The enterprise has so much going on, it’s already hard to tell what decisions are good and what decisions are bad. People believe technology; partially because technology up to this point has typically been very deterministic and relatively easy to verify. That makes it easy to trust.

Machine learning and AI, not so much.

The Key: Ensuring Model Quality

Who’s going to question the enterprise’s super-smart AI?

Even if (and especially when!) the outputs don’t make sense, it will be easy to justify the outputs as the model “seeing more” than the human analyst sees. This is, of course, true; machine learning has an incredible capacity for absorbing data.
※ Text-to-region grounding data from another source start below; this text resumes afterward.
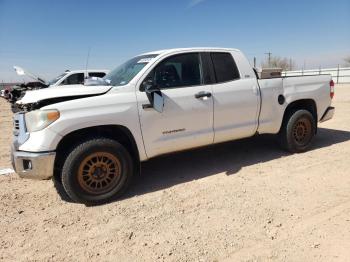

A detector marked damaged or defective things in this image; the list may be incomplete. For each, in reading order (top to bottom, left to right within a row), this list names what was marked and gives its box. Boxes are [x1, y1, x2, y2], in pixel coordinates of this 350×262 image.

damaged vehicle nearby [1, 66, 108, 111]
damaged vehicle nearby [10, 47, 334, 205]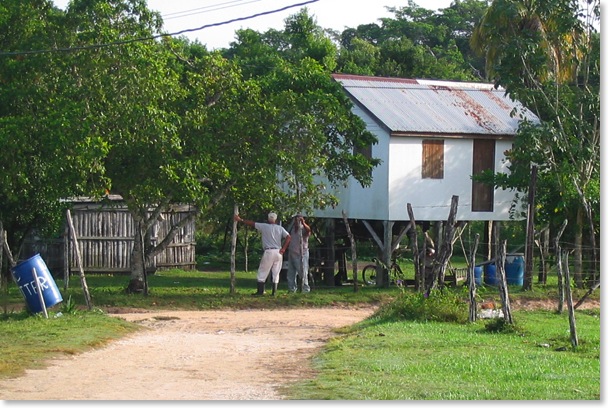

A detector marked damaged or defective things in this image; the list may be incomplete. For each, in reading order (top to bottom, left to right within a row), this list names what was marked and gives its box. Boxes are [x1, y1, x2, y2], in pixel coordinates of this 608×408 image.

rusty roof [332, 74, 536, 136]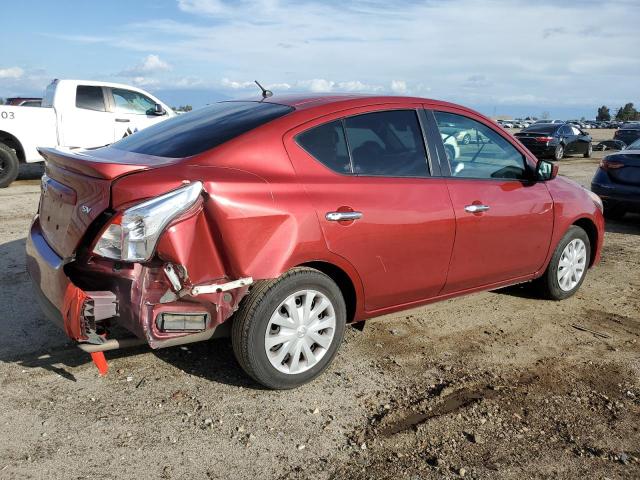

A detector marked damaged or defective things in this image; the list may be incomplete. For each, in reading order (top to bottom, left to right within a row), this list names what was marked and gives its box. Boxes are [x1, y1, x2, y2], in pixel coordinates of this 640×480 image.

damaged red sedan [26, 94, 604, 390]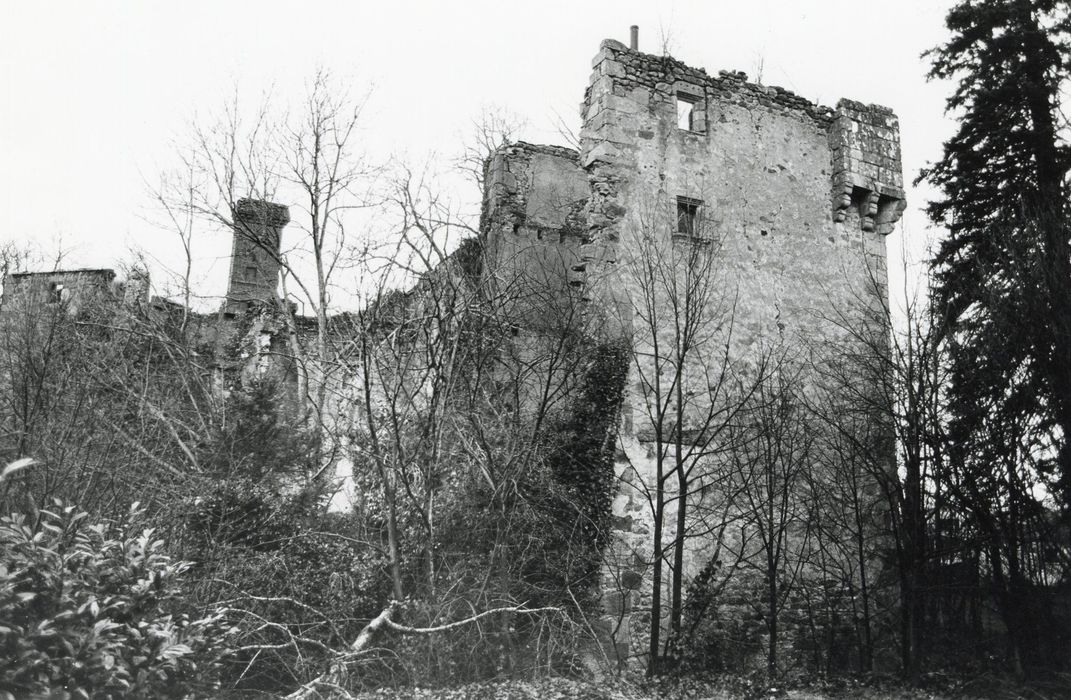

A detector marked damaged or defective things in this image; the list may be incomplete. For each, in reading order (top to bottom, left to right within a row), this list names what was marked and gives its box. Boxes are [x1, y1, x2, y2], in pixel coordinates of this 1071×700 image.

broken parapet [223, 199, 289, 316]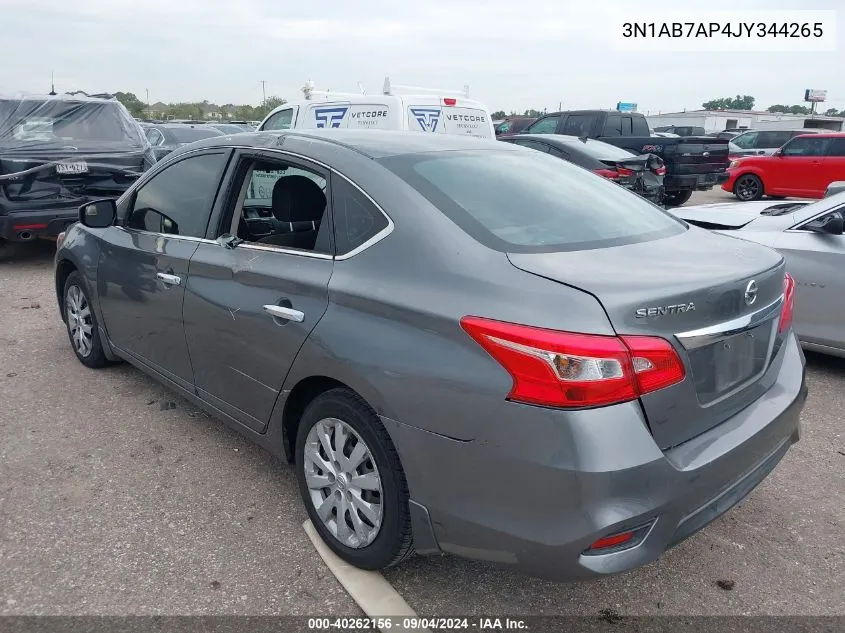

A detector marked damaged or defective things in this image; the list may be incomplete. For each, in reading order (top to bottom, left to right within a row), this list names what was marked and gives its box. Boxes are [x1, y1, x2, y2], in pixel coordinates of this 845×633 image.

damaged vehicle [1, 92, 152, 248]
damaged vehicle [502, 135, 664, 205]
damaged vehicle [672, 190, 844, 358]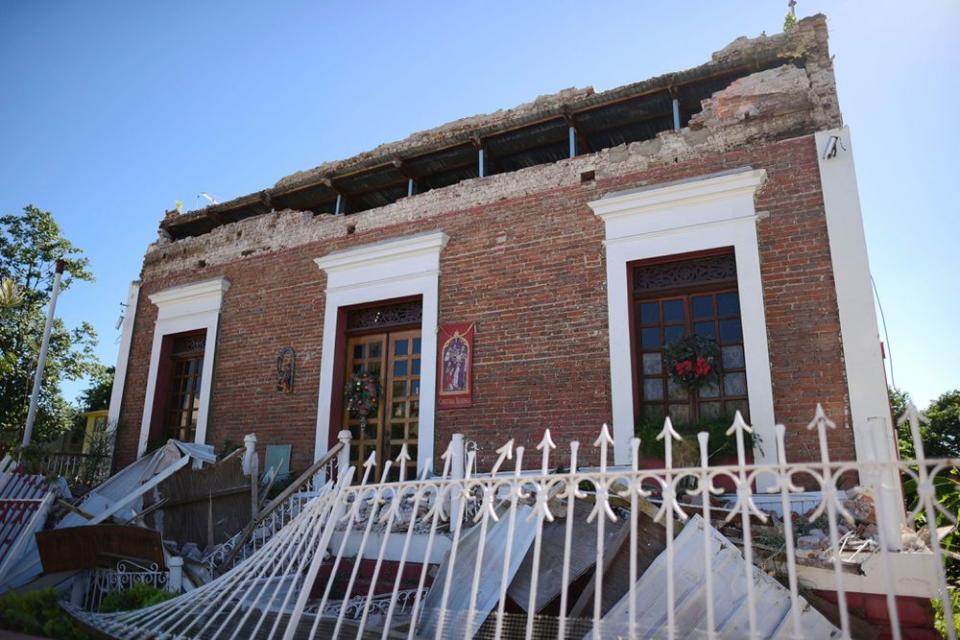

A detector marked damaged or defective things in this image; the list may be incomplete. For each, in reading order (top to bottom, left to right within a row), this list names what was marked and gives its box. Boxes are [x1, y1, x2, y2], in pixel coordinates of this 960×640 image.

damaged brick building [110, 12, 892, 478]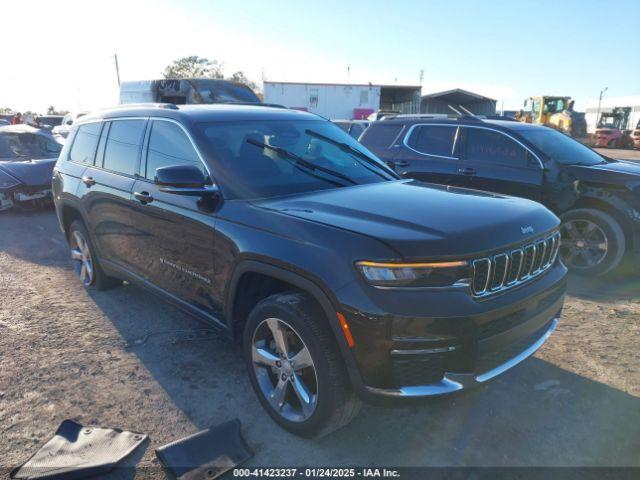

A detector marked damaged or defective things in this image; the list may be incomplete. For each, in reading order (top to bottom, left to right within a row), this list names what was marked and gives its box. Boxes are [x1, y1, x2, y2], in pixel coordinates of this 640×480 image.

damaged white car [0, 124, 62, 211]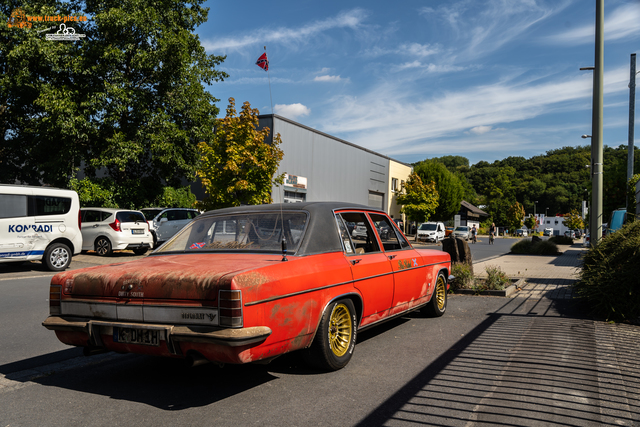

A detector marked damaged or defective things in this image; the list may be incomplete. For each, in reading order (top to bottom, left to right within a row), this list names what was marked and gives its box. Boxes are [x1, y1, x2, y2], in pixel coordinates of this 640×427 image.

But if it’s not the right data, if it’s not the whole picture, the recommendations the model will produce will likely be some level of wrong.

With deterministic programming, an algorithm being wrong is often obviously wrong — with these models, it could be just wrong enough that things begin to veer imperceptibly off course, and go unnoticed for a very long time.

Which is more harmful: A corporate leader who makes bad decisions, or a never-exhausted, always-available machine learning tool that will happily make bad (or even slightly off) recommendations to anyone (or any service) that asks it for an opinion?

To make matters worse, getting the model wrong is really easy to do, and small pieces of data added or missing from the model’s training data can have huge impacts.

My favorite example from science fiction is from 2001: A Space Odyssey, where an advanced AI installed on a spacecraft (HAL 9000) decides to murder the human crew, while an identical machine on earth (SAL 9000) retained the more desirable non-murderous behavior.

How did that happen?

HAL was provided a few pieces of information that it was required to keep secret, while SAL was not provided that information or direction. That’s it. Everything else about the machines and the models they ran were identical.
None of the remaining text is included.